The new Ulster Unionist leader has accused Boris Johnson of proposing a “sell-out” Brexit deal.
The Prime Minister and his DUP allies made “false promises” over the UK’s departure from the EU, Steve AIken added.
No unionist voted for England, Scotland and Wales to leave but Northern Ireland to stay in the bloc, he added.
Mr Aiken said: “It would be a momentous time to assume the leadership of any political party, but now, for Unionism, for those that are pro-union, and those that just believe in Northern Ireland, it has never been more important for the Ulster Unionist Party to be ready to go out and fight for what is right for our nation.”
The former submariner succeeds Robin Swann and will be aiming to win back representation at Westminster for a party which was once the mainstay of unionism but has been eclipsed in the polls by the DUP.
Mr Aiken outlined a vision of inclusive and progressive unionism.
He was forced into an election U-turn before taking up the role.
His party did not field a candidate in opposition to the DUP in North Belfast to maximise unionist representation at Westminster.
The incoming leader earlier ruled out voting pacts.
The UUP voted, on balance, to remain, during the EU referendum.
Its new chief said: “If the Conservatives deal goes through Northern Ireland will, well and truly, be a place apart.
“We will be separated from our largest market, with differing legal systems, tax regimes and held accountable by special and joint EU committees.”
He told a party meeting in Templepatrick, Co Antrim: “There are many unionists, and indeed many in this room, who will have voted to leave but I am pretty sure you didn’t vote for England, Scotland and Wales to leave while Northern Ireland stays.
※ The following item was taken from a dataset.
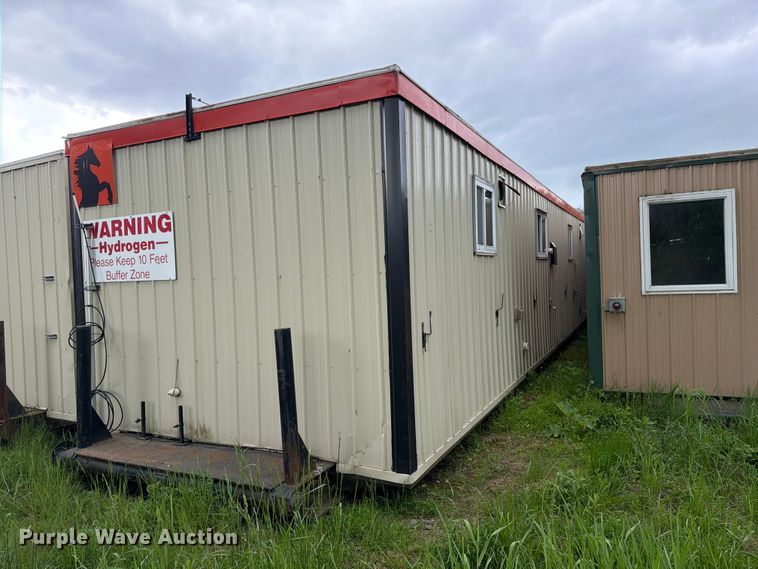 image for item FK2043 Skid mounted living quarters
“We have a stark choice, but for us, the union of our whole UK must come before anything else.”
He said the country either left the EU as one or remained as one.
He added: “With the future of our very Union being challenged by Boris Johnson’s sell-out deal, with the DUP’s ineptitude in creating a border in the Irish Sea, coupled with a level of venality that would, in any normal political society, see them banished into obscurity… we can be so much more and we have to be.”